I’m finding a kinder, gentler Iowa in spite of our current “leadership” and the not so kind ways that the “leaders” “lead”.
So, I’m still looking. As in the early days of other grief journeys, I go forward and sometimes falter in trying. An important quote from a favorite book came to mind again and again as I tried to bring peace and kindness into my small world this past year. Don Marquis is quoted in E.B. White’s “The Second Tree From the Corner” in one of my favorite E.B. W. essays, “The Door”,
‘My heart has followed all my days something I cannot name’…
On the farm, rural Iowa, when days were long and people close, long ago now, E.B. White wrote to me, for 13 years, a rural Iowa woman who liked his work. But that story is for another time.
Literature and music bring me solace…always have, always will.
So…”where do I belong”? Where indeed. Not on that bus with the driver who had no idea …or in a school system that failed to tell him that there was a new little girl that would need to find her way…or in a world where dads die and husbands do too. I belong, exactly where I am now. Feeling giddy, like an 8 year old school girl who has just figured out what to tell the bus driver. I got my second COVID shot last week and now, I’m driving the bus. I will go forward in the ways that I know how, hoping that everything will be kinder and gentler to those who have lost their way.

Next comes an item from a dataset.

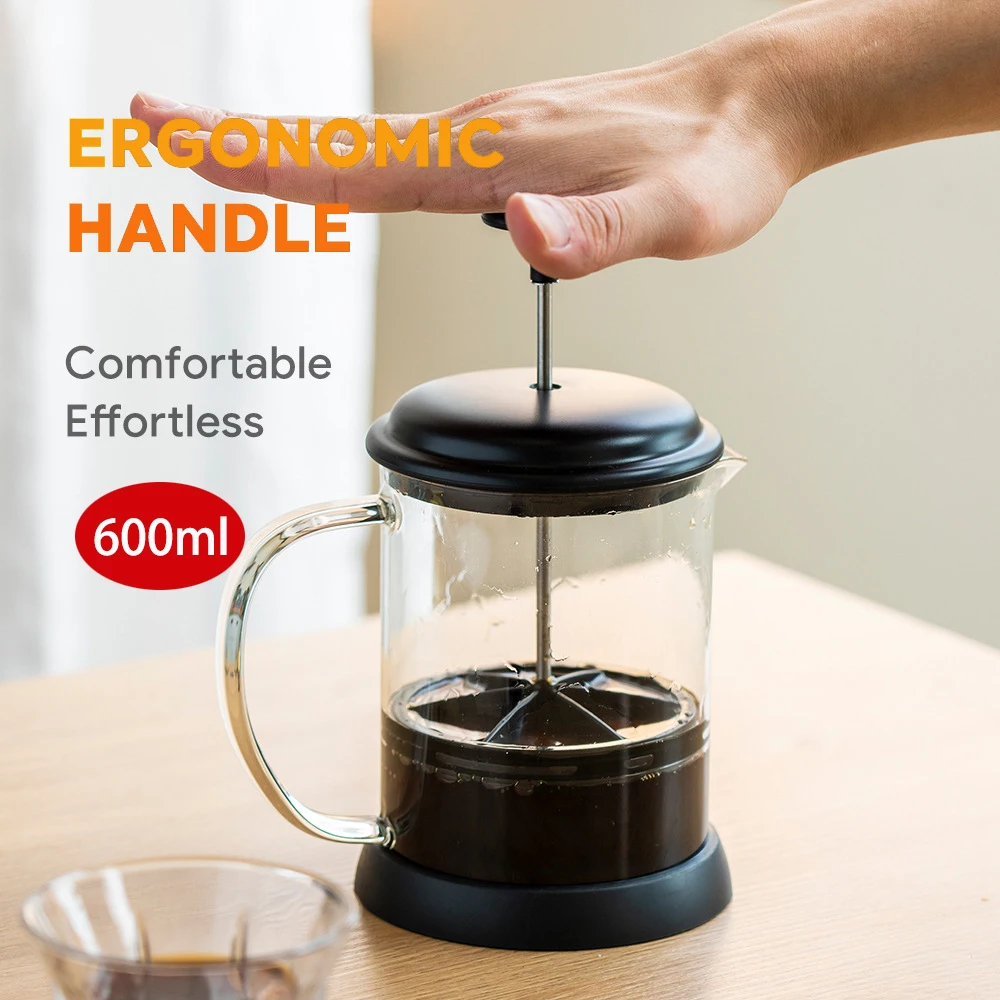 ICAFILas-Mini French Press Pot, стекло, 600 мл, заваривание кофе, чай, Кружка для аэропресса, Кофеварка, путешествия на открытом воздухе, Кемпинг, дом
ICAFILas-Mini French Press Pot, стекло, 600 мл, заваривание кофе, чай, Кружка для аэропресса, Кофеварка, путешествия на открытом воздухе, Кемпинг, дом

Char Gustafson is a graduate of Buena Vista University. She has her Death & Grief Studies Certification from Dr. Alan Wolfelt’s Center for Loss, Ft Collins, Co. A former hospice bereavement counselor, she has presented workshops on hope, creativity & writing “your story”. Forever a “creative” who believes art has the power to change lives, she continues to find hope in the creative journey. She lives in Ankeny and loves to travel and explore California and Colorado where she spends time with her children, Matt and Joanna and grandchildren, Andrew and Grace.